Measurement of extravascular lung water in sheep during colloid and crystalloid resuscitation from smoke inhalation.

The pathophysiology of pulmonary inhalation injury, a major cause of morbidity and mortality from fires, is poorly understood. To examine the effects of colloid and crystalloid resuscitation on extravascular lung water (EVLW) during a standard smoke inhalation injury, we subjected 12 sheep to 8 minutes of cool pine smoke inhalation. The animals were then resuscitated to a pulmonary capillary wedge pressure (PCWP) of 10 +/- 1.5 mm Hg with either lactated Ringer's solution or plasma protein derivative. EVLW, cardiac output, vascular resistance, colloid oncotic pressure (COP), arterial and pulmonary artery pressures, PCWP, and blood gases were monitored during 4 hours of resuscitation. In colloid-treated animals, EVLW increased from 8.3 +/- 1.2 to 11.1 +/- 0.9 ml/kg with injury; it increased only to 12.5 +/- 1.3 ml/kg during resuscitation. In crystalloid-treated animals, EVLW increased from 8.0 +/- 1.0 to 10.3 +/- 0.8 ml/kg with injury and further increased to 17.4 +/- 1.6 ml/kg during resuscitation, a level significantly higher than that in the colloid group (P less than 0.05). The increases in EVLW were associated with progressive hypoxia, which was worse in the crystalloid group.
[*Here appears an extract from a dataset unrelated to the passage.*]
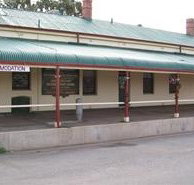 Old Vic Bed and Breakfast - Accommodation Mount Tamborine
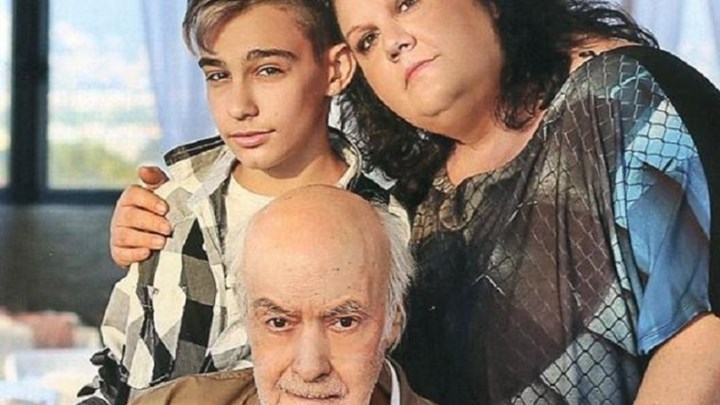 Ανδρέας Μπάρκουλης: Η σύντομη θητεία του γιου του – Γιατί επιστρέφει σπίτι του;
In the crystalloid group, COP decreased from 27.3 +/- 0.9 to 14.2 +/- 0.4 mm Hg and intravascular driving force (COP-PCWP) dropped from 17.6 to 3.26 +/- 1.5 mm Hg; COP and COP-PCWP were maintained in the colloid group. These data demonstrate that supporting serum COP minimizes the increase in EVLW with smoke inhalation injury and suggests that smoke inhalation does not lead to a dramatic increase in alveolar capillary membrane permeability to protein.